In Washington State, a divorce where minor children are in the picture includes a parenting plan that addresses custody and visitation issues. When deciding whether to approve a plan, courts consider the best interests of the children.
However, circumstances can change. A parenting plan that was perfect a few years ago may now present problems for the parents or the children. When this occurs, parents can request a modification.
One must officially file with the court to ask for a modification. In some cases, a hearing may be necessary. While the process can seem burdensome, it is important to only change arrangements once the court officially grants the modification request. Even if the other parent informally agrees to make changes, relying on word alone can violate the existing order and cause significant problems, especially if the other parent later decides he or she no longer agrees to the changes.
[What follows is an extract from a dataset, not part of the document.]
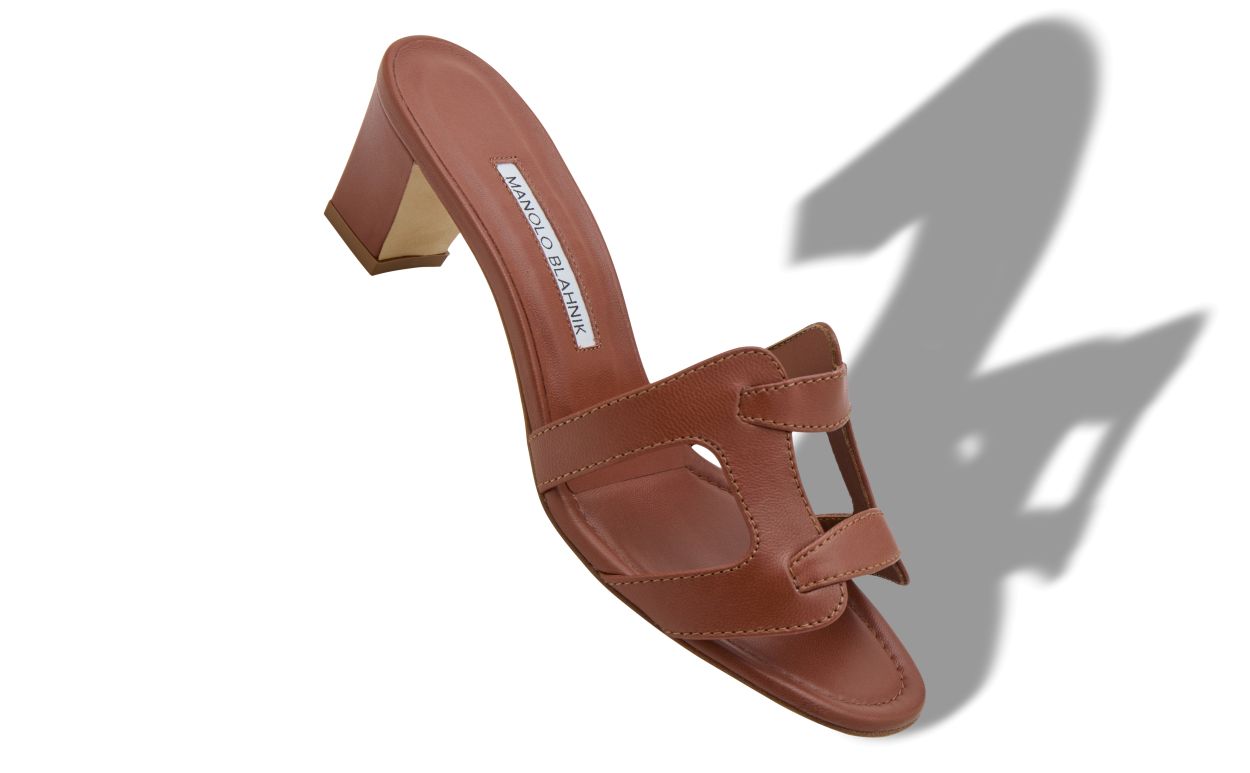 Brown Nappa Leather Open Toe Mules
A major modification to a parenting plan consists of a request to permanently change physical custody from one parent to the other. To obtain approval, the requesting party must show that a substantial change in circumstances has arisen, that the modification will be in the child’s best interests and that a change is necessary to sustain them. The changes must have arisen after the court entered the original order.
If both parents agree to the modification, courts will usually approve the request. Other grounds for approval include showing the current arrangements are damaging to the child’s wellbeing or that the non-requesting parent has either been guilty of custodial interference or was found in contempt of court at least twice in the past three years due to violating the existing parenting plan. Courts may also consider evidence that the child has been living with the requesting parent with the consent of the other parent.
Minor modifications and adjustments concern the visitation schedule rather than custody. As above, if the parents agree, the court will usually approve the request. Courts may adjust visitation based on changed circumstances such as a parent’s failure to comply with the current schedule or exercise rights. Courts may limit a parent’s visitation access if he or she abused or neglected the child or if circumstances arise that limit his or her ability to care for the child responsibly.
Military deployment constitutes a separate category of circumstances. Courts apply a separate set of considerations when dealing with issues specific to military service.